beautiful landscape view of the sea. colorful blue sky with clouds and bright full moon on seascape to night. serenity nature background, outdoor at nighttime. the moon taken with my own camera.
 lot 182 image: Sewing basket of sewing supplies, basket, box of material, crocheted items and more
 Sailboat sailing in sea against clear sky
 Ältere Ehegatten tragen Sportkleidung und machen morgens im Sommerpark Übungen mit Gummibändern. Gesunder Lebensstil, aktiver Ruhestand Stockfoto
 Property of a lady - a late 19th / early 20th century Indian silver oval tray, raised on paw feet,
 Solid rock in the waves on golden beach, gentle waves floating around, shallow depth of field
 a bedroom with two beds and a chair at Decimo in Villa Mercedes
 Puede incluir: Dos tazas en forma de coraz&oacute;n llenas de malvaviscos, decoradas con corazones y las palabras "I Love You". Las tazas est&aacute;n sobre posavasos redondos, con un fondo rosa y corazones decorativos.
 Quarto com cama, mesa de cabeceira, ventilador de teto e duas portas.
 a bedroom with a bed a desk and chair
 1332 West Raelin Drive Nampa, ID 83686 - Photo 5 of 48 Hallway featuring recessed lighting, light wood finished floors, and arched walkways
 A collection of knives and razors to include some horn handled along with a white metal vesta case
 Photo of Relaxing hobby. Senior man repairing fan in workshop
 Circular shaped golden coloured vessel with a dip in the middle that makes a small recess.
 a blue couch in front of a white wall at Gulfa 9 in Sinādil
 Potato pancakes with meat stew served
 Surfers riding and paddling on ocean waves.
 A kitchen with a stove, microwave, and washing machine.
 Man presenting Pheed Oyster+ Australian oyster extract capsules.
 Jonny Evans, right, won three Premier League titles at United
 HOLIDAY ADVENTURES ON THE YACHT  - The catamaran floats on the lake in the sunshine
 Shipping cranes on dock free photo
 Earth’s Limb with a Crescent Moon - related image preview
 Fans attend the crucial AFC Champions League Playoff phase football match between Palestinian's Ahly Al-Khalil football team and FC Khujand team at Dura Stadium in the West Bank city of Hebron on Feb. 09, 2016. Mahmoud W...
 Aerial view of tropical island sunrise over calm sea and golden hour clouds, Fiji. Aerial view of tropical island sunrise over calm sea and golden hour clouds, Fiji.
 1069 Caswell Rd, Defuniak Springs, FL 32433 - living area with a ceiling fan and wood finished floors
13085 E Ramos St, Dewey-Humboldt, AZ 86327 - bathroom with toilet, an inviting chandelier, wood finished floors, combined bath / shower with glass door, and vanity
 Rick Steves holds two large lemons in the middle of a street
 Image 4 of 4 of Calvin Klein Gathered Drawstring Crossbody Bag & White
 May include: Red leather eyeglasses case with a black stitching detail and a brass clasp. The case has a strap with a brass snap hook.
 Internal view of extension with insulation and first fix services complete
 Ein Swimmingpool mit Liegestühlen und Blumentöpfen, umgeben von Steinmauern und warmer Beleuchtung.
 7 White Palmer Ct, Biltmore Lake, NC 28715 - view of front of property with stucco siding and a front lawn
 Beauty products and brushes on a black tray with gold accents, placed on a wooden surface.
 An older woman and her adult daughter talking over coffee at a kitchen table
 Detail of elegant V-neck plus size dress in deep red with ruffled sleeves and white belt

+---+

# Exercise details:
Beginning at the line with "Surfers riding and paddling on ocean waves." and stopping after the line with "clouds, Fiji. Aerial", please write out every line of the data above exactly and nothing else.

# Response to this exercise:
 Surfers riding and paddling on ocean waves.
 A kitchen with a stove, microwave, and washing machine.
 Man presenting Pheed Oyster+ Australian oyster extract capsules.
 Jonny Evans, right, won three Premier League titles at United
 HOLIDAY ADVENTURES ON THE YACHT  - The catamaran floats on the lake in the sunshine
 Shipping cranes on dock free photo
 Earth’s Limb with a Crescent Moon - related image preview
 Fans attend the crucial AFC Champions League Playoff phase football match between Palestinian's Ahly Al-Khalil football team and FC Khujand team at Dura Stadium in the West Bank city of Hebron on Feb. 09, 2016. Mahmoud W...
 Aerial view of tropical island sunrise over calm sea and golden hour clouds, Fiji. Aerial view of tropical island sunrise over calm sea and golden hour clouds, Fiji.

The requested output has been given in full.